Caro Los Angeles Times,
Sono un tuo fedele abbonato da ormai un paio di annetti. Sì, ho fatto l'opzione
weekend, il giornale arriva sulla porta di casa—puntuale — verso le 6 del mattino, credo, non sono certo sveglio a quell'ora per controllare, ma più tardi lo trovo lì, ogni giorno dal giovedì alla domenica. No, non chiedermelo ogni volta, non voglio fare l'abbonamento regolare.
Ma sto divagando.
Dicevo, il giornale non è male, ogni tanto avete delle inchieste coi fiocchi.
Good stuff. La pagina dei libri e dell'arte andrebbe forse un po' rimpolpata, ma tant'è, c'è la crisi e tagliano tutti, capisco lo facciate anche voi. Non tagliate il tizio che scrive di economia: è fortissimo. Mi piace anche quello che scrive di automobili, ma forse dovreste ricordargli che andare a 180 all'ora in autostrada in Italia per testare la nuova Ferrari è illegale e scriverlo in un giornale non è la cosa più furba del mondo.
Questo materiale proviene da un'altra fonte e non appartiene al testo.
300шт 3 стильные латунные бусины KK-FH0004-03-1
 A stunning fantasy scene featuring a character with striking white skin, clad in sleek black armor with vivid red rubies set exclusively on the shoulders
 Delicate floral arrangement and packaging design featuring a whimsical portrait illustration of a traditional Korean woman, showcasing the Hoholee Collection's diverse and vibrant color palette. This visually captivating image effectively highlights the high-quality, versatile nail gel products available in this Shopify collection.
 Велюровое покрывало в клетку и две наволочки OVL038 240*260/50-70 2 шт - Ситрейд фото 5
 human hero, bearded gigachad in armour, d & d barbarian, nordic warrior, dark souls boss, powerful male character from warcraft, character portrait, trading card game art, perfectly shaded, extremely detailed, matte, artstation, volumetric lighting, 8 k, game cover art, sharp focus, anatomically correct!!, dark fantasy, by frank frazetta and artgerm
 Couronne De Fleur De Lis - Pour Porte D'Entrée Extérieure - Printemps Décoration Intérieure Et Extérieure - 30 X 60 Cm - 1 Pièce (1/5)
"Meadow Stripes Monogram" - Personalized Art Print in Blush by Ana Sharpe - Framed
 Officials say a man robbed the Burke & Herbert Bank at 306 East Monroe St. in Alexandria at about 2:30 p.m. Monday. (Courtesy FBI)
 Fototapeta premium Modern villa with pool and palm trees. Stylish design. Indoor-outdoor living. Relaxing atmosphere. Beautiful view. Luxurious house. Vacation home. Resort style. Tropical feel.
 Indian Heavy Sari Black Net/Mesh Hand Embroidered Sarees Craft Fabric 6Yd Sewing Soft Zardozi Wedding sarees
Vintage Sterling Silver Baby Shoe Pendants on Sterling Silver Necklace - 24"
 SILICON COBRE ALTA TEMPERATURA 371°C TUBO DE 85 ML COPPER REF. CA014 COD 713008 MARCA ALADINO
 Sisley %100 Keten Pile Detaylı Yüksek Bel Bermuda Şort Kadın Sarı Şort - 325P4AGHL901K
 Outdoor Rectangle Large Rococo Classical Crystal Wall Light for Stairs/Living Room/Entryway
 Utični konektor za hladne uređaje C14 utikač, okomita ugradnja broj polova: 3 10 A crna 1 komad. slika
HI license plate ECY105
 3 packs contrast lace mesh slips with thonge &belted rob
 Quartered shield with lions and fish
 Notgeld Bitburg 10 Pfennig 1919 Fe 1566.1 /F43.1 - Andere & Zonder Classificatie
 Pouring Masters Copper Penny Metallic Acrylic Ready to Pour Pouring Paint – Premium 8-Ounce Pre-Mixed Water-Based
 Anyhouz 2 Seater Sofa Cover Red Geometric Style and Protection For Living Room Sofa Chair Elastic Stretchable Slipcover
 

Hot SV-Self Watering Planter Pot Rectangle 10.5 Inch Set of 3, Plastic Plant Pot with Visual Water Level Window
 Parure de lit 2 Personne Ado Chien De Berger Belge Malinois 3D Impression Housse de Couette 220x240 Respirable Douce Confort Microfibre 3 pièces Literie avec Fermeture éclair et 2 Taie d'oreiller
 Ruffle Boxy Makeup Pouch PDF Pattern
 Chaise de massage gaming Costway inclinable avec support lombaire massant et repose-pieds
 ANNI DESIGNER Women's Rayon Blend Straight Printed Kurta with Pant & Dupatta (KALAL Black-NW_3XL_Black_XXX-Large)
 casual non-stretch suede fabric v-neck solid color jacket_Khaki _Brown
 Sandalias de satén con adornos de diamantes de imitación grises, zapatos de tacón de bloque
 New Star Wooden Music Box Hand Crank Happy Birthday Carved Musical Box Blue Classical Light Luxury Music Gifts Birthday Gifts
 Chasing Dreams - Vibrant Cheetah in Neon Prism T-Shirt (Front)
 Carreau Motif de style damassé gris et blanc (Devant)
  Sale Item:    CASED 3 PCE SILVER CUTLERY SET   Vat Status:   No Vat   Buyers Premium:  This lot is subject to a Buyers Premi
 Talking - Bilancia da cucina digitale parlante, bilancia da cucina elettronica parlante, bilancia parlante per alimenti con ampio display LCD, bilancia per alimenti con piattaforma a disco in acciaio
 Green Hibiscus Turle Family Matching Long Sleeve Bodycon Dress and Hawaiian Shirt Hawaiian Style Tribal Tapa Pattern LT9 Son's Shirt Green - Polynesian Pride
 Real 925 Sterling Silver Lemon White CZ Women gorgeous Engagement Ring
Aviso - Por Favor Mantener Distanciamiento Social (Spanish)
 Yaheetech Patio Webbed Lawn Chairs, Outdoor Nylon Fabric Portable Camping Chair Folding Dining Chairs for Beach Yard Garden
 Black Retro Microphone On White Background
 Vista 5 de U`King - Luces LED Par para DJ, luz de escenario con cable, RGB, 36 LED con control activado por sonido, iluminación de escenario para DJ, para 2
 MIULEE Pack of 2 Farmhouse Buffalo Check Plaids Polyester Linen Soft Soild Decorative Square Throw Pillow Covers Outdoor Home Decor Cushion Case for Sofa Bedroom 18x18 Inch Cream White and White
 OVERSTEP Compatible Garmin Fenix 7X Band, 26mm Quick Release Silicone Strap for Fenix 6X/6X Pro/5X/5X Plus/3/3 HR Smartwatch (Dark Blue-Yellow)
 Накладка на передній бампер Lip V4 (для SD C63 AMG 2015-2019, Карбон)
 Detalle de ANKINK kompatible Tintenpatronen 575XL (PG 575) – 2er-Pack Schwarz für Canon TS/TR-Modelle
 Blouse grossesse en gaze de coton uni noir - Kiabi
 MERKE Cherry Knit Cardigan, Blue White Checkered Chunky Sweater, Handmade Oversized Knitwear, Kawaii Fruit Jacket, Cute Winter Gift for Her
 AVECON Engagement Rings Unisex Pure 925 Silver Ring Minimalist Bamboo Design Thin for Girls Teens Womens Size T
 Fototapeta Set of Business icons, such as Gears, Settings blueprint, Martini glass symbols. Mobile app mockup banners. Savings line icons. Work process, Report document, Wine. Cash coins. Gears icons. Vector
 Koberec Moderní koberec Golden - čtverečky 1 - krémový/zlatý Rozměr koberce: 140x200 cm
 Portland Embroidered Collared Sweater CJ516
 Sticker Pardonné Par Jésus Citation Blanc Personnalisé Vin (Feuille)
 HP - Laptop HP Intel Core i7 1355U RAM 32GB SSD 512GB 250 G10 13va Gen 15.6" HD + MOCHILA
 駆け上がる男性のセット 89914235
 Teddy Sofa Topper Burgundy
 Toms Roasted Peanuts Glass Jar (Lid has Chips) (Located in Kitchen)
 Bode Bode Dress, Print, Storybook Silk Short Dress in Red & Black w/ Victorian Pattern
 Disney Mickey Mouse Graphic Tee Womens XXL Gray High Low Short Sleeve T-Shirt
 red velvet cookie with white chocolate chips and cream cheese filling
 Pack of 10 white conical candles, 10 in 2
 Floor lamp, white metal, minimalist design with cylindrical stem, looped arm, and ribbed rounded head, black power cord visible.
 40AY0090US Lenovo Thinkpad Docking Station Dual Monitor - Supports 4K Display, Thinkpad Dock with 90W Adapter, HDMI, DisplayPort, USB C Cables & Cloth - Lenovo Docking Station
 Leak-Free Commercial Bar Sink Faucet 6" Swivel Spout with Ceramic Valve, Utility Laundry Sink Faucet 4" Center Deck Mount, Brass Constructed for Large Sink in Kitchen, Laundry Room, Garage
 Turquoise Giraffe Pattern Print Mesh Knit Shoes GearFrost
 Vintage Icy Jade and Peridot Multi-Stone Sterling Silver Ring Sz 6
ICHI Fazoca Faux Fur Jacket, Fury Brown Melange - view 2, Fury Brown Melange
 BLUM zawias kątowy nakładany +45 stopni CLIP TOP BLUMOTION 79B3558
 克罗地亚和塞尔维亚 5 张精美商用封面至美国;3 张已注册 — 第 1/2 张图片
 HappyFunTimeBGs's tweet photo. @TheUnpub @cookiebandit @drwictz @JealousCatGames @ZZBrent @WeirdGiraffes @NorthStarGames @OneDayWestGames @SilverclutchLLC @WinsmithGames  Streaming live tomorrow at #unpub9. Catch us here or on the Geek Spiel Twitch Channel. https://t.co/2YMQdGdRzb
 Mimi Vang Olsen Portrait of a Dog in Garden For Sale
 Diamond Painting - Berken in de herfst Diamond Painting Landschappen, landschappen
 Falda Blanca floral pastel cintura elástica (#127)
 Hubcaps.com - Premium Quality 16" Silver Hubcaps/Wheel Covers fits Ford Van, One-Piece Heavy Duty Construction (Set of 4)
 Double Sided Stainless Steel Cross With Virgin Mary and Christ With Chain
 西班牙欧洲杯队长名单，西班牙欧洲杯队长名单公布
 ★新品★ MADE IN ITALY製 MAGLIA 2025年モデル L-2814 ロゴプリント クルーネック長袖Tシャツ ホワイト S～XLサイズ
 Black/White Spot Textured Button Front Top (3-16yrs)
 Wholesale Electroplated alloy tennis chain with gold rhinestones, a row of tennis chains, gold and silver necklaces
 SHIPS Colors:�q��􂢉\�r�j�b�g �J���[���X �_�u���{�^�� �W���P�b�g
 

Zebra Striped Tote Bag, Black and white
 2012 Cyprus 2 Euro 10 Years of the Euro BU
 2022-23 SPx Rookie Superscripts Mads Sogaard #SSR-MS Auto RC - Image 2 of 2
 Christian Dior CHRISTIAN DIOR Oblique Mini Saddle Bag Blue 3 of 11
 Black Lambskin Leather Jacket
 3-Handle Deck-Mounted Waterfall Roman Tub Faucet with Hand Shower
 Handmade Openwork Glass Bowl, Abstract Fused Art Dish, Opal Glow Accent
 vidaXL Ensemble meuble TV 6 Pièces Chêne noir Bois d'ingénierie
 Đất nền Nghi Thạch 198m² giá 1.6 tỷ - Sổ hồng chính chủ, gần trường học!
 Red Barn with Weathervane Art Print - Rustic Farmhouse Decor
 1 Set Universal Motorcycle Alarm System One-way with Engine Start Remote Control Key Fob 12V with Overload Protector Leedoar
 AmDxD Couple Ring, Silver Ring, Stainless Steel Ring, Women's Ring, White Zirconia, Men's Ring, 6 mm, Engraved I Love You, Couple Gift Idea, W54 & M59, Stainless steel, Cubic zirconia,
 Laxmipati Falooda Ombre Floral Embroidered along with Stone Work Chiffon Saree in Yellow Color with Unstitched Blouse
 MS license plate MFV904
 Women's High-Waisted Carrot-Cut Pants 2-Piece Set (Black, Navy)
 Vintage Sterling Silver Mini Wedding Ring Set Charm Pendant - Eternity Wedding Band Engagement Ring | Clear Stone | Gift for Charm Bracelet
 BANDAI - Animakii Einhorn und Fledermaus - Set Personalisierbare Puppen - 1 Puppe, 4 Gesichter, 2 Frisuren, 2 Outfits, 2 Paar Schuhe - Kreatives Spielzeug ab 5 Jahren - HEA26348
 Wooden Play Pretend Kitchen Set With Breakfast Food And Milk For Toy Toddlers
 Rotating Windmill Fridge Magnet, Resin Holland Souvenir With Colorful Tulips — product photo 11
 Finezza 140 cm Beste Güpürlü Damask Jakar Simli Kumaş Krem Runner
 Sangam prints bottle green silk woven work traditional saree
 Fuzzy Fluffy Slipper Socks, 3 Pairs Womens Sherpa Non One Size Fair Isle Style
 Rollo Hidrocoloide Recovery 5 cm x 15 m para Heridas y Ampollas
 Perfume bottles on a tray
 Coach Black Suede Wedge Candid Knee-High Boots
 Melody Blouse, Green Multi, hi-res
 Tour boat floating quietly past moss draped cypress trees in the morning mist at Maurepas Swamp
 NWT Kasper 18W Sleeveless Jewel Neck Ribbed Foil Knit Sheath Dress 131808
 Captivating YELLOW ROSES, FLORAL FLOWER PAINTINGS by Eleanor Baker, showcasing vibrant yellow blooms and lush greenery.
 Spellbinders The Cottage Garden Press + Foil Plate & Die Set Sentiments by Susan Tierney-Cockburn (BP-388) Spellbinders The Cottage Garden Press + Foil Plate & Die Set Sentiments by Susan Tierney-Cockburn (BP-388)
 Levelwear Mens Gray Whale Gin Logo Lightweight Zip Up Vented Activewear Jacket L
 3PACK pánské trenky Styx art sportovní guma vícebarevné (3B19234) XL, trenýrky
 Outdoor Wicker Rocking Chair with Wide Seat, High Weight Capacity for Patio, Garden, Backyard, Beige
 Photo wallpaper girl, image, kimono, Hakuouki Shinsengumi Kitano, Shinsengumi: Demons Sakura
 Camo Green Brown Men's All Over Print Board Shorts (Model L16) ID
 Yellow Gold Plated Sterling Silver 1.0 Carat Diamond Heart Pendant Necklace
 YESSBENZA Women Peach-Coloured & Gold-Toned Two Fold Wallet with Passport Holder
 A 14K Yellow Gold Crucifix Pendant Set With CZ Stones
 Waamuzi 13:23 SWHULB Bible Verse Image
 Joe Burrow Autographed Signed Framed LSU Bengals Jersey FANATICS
Non mi piace il formato assurdo delle pagine (lunghe e strette), ma sembra che voi americani facciate così e va bene.
Ma divago di nuovo.
Quello che volevo dire è: non è possibile che in ogni singola edizione vi mettiate a osannare
Dudamel. Sarà un talento della direzione, sarà simpatico e spigliato e divertente. Sarà magari anche belloccio. Però mi rimane il sospetto che lo facciate solo per convincervi che la vostra
philarmonic orchestra è più brava di quella di New York e delle capitali europee. Il che può pure essere. Però ripeterlo in continuazione fa un po' provinciale. Ed è anche di poca classe.